Source: USAID Foreign Aid Explorer.
During the Cold War, when the United States and Soviet Union were competing for global power and influence, the oil-rich Middle East was important to both countries. While the United States sent humanitarian and development aid to most Arab countries, it sent significant amounts of military and economic aid to Israel and Egypt. After the collapse of the Soviet Union, aid continued at a similar level despite the end of the Cold War. This continued practice shows just how highly the U.S. values its partnerships with Middle Eastern countries such as Egypt, Israel, and Jordan.
After al-Qaeda killed almost three thousand people in a terrorist attack on the United States on September 11, 2001, the United States declared a “war on terror” and invaded Afghanistan, which had provided sanctuary to the terrorists. Although the Iraqi government was not involved in the 9/11 attacks, the United States also invaded Iraq in 2003 in part because of the incorrect assumption that the Iraqi government was developing weapons of mass destruction. After Saddam Hussein’s government was toppled, the United States started rebuilding a lot of what the war had destroyed, focusing on supporting democratic institutions.
Source: USAID Foreign Aid Explorer.
Because of a longtime focus on industrialization over agriculture, India was in the midst of a massive famine by 1961 as farmers were not producing enough food to feed the population. The United States sent foreign aid in the form of wheat to help alleviate the famine; in 1965, one-fifth of all U.S. wheat production went to India. USAID also helped fund agricultural development, including university programs that studied agriculture. This helped fuel what became known as the green revolution—the rapid development of new agricultural techniques that dramatically increased how much food countries could produce.

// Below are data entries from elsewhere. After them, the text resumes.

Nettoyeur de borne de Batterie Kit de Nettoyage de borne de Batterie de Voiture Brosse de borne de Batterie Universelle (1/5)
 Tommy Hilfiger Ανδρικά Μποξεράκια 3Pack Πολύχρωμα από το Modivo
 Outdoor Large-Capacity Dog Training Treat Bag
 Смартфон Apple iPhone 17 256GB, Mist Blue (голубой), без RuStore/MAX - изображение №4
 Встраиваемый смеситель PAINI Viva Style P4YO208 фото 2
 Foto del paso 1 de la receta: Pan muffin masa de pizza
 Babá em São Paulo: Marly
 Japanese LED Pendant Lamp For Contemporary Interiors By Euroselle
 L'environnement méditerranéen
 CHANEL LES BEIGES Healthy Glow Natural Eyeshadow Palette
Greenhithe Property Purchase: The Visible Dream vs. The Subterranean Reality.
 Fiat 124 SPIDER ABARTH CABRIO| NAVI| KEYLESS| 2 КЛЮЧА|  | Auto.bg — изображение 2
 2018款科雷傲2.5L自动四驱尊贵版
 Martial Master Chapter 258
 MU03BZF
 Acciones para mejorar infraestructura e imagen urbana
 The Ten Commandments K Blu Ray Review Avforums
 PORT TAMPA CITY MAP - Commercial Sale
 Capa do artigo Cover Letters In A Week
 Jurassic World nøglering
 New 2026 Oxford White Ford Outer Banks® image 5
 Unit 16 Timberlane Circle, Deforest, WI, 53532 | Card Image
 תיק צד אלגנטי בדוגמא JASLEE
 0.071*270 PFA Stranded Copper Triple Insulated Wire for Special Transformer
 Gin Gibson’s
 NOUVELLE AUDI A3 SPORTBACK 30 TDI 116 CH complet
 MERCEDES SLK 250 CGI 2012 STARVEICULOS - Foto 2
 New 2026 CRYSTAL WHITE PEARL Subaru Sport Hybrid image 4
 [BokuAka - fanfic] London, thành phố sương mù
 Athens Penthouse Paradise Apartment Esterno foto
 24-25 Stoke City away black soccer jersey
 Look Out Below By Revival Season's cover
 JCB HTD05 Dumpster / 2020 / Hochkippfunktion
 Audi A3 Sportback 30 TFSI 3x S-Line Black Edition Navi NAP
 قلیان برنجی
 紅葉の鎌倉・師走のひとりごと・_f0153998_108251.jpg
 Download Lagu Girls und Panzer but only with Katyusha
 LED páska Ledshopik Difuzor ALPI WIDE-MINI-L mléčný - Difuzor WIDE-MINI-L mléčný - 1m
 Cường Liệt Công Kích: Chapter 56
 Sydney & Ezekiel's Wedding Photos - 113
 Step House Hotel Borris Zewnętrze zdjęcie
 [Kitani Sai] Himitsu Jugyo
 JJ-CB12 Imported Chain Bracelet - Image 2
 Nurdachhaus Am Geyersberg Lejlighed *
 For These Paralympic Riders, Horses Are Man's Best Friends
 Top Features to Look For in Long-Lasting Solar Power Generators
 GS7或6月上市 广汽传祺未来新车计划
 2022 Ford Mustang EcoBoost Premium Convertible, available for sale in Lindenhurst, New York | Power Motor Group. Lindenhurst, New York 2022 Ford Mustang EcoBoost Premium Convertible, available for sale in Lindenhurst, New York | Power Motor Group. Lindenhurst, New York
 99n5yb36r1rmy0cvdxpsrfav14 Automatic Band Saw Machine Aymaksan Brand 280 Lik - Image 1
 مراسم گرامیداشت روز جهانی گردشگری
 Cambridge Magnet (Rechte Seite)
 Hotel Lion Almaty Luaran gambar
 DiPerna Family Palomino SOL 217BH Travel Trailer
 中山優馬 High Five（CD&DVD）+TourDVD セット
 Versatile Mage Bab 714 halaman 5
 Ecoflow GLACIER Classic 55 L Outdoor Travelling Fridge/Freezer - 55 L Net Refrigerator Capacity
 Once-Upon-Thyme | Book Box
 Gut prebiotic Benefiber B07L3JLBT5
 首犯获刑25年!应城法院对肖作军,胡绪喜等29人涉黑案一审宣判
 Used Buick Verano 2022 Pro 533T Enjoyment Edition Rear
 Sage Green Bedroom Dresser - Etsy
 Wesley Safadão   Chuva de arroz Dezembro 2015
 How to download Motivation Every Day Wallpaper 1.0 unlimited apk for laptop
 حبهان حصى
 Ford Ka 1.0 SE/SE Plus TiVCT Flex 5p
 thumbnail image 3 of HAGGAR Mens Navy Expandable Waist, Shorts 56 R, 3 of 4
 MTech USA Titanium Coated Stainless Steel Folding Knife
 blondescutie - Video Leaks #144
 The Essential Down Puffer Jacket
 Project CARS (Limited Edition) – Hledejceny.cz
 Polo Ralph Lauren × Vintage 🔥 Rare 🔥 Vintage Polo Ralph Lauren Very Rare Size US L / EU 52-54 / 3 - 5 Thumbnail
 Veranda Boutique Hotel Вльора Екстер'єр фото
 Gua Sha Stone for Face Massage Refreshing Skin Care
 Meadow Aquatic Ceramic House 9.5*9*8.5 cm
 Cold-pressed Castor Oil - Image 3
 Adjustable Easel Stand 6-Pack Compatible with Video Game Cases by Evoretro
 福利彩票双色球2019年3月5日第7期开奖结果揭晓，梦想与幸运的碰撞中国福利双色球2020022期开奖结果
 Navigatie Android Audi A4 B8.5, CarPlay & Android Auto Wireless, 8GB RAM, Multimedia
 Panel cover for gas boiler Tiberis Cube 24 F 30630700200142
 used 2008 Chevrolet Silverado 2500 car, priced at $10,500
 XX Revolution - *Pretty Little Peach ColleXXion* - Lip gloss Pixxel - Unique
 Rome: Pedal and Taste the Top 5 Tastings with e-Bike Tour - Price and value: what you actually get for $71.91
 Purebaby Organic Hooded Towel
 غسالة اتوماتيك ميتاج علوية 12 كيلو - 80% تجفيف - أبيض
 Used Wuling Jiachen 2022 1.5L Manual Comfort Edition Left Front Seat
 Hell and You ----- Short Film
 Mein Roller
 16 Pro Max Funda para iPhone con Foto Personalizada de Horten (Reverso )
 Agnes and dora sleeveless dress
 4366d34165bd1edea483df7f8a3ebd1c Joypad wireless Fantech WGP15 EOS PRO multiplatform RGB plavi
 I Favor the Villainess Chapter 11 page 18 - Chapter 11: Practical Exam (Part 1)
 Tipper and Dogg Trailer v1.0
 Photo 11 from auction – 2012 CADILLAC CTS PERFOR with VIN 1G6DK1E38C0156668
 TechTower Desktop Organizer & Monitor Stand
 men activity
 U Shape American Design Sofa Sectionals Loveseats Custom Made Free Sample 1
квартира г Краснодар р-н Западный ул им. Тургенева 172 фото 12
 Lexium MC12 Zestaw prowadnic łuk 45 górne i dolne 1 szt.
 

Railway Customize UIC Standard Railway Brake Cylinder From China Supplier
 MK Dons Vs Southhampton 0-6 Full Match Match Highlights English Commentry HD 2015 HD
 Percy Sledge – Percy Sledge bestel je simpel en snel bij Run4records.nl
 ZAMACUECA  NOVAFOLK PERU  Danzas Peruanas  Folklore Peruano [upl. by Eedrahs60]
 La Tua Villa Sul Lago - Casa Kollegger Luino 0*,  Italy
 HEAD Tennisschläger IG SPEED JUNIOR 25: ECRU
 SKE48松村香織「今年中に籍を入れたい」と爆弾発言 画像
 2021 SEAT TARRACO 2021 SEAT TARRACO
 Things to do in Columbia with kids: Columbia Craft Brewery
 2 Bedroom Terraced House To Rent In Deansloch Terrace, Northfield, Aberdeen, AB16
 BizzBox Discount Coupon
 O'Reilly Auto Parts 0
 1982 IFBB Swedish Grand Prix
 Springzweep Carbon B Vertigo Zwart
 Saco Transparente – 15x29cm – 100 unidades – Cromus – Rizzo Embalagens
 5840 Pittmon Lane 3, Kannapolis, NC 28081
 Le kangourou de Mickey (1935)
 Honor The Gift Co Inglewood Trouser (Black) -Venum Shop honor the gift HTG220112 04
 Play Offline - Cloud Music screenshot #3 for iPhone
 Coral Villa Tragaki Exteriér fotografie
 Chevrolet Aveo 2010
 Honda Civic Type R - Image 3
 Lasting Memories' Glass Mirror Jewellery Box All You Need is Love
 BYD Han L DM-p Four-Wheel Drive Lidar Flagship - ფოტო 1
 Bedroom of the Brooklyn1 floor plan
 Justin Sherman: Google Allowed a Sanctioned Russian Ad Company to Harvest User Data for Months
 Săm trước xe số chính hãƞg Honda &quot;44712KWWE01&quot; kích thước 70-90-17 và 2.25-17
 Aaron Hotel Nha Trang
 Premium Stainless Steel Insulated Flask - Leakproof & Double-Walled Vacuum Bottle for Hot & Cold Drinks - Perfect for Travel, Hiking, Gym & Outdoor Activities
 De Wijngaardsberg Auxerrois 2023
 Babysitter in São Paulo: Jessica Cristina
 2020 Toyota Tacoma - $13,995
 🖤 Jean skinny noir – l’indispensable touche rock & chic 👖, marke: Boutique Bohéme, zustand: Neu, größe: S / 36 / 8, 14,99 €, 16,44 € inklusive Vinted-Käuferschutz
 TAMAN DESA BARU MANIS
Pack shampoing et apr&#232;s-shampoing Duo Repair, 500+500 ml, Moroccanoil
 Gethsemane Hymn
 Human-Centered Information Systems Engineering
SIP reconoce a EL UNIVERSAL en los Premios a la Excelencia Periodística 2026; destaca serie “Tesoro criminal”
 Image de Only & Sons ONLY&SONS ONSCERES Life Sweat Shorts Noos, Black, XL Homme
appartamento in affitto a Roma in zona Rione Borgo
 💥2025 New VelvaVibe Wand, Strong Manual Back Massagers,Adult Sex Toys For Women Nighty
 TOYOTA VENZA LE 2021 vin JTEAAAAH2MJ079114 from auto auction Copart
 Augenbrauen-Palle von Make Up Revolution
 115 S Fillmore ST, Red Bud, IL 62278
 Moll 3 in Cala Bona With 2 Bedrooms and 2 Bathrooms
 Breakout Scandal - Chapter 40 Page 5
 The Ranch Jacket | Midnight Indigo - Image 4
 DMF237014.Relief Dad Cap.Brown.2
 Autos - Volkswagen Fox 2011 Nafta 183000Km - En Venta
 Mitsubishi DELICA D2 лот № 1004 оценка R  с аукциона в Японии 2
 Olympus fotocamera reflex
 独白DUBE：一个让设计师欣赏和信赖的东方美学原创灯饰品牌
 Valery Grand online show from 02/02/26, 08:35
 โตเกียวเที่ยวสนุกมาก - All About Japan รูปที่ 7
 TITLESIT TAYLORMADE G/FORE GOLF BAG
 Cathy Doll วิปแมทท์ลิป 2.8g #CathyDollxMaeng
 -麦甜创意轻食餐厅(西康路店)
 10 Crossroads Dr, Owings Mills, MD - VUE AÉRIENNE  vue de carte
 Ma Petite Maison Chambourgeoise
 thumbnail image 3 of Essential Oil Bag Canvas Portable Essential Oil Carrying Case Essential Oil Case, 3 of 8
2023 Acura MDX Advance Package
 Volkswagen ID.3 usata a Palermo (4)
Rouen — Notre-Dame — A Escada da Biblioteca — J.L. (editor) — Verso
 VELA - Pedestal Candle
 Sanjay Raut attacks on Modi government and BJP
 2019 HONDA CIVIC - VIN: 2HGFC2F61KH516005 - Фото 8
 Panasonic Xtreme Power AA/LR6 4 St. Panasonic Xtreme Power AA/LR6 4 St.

After 9/11, the United States invaded Afghanistan and toppled its ruling group, the Taliban, which had been accused of hiding and protecting al-Qaeda operatives. What followed was nearly two decades of aid packages aimed at creating some kind of stability in Afghanistan amid an active war. Military operations continue, coordinated with enormous USAID programs aimed at building civil society, providing economic opportunity, stabilizing conflict zones, and state-building.